Scraped caption text data:
+ + + + + + +
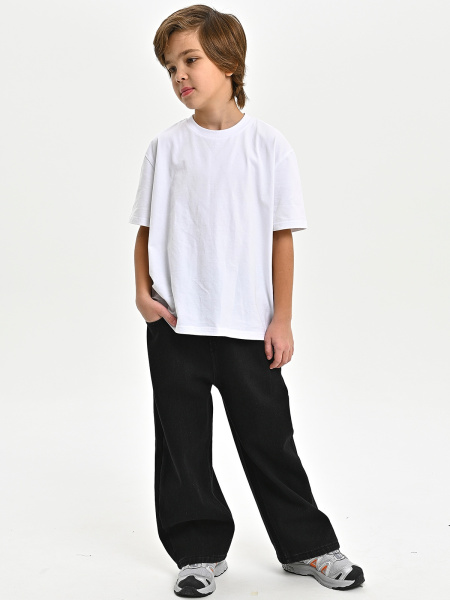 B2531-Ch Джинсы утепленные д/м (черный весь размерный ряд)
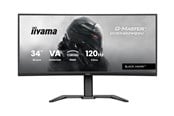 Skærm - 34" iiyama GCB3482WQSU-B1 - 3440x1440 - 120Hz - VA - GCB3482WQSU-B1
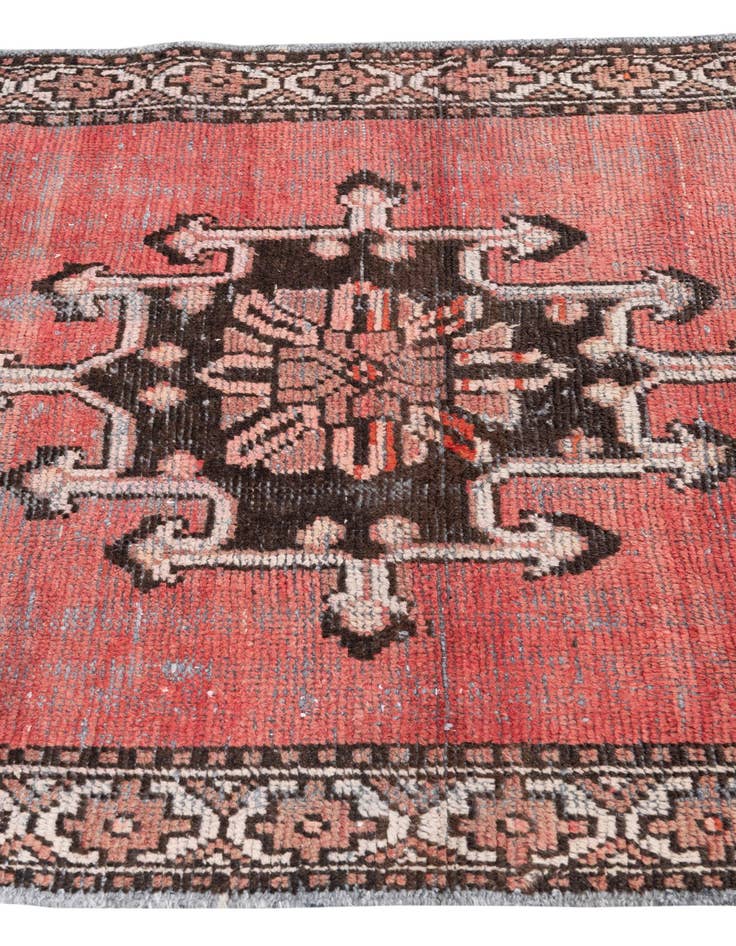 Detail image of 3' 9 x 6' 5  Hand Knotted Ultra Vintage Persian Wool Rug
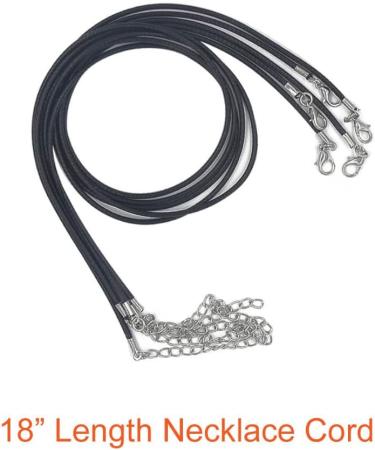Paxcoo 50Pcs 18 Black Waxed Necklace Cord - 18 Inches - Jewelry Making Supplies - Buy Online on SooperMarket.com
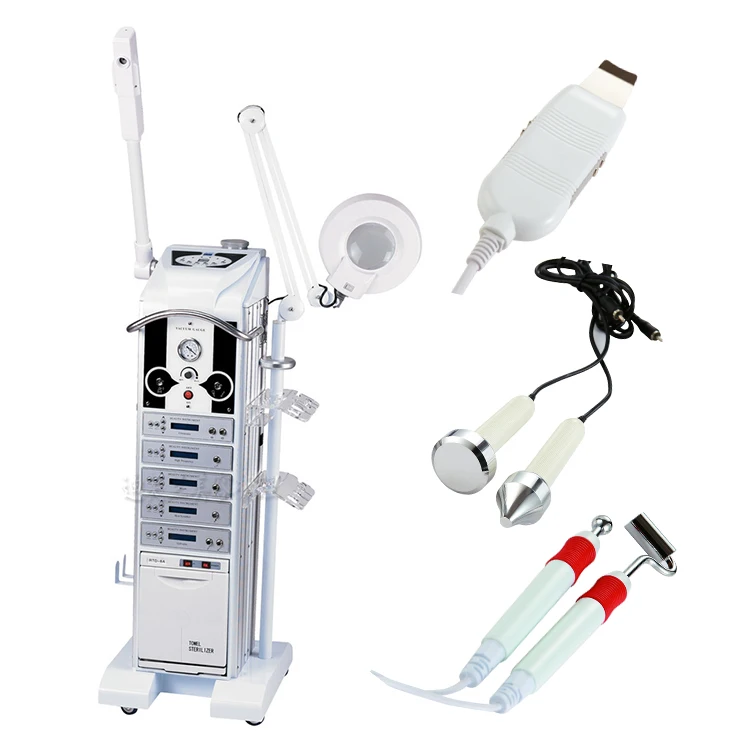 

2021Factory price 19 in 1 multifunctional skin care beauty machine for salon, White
+ + + + + + +
EXERCISE DIRECTIONS :: Each entry should appear again exactly as written, pictures excluded.

SOLUTION TO THIS TASK ::
 B2531-Ch Джинсы утепленные д/м (черный весь размерный ряд)
 Skærm - 34" iiyama GCB3482WQSU-B1 - 3440x1440 - 120Hz - VA - GCB3482WQSU-B1
 Detail image of 3' 9 x 6' 5  Hand Knotted Ultra Vintage Persian Wool Rug
Paxcoo 50Pcs 18 Black Waxed Necklace Cord - 18 Inches - Jewelry Making Supplies - Buy Online on SooperMarket.com

2021Factory price 19 in 1 multifunctional skin care beauty machine for salon, White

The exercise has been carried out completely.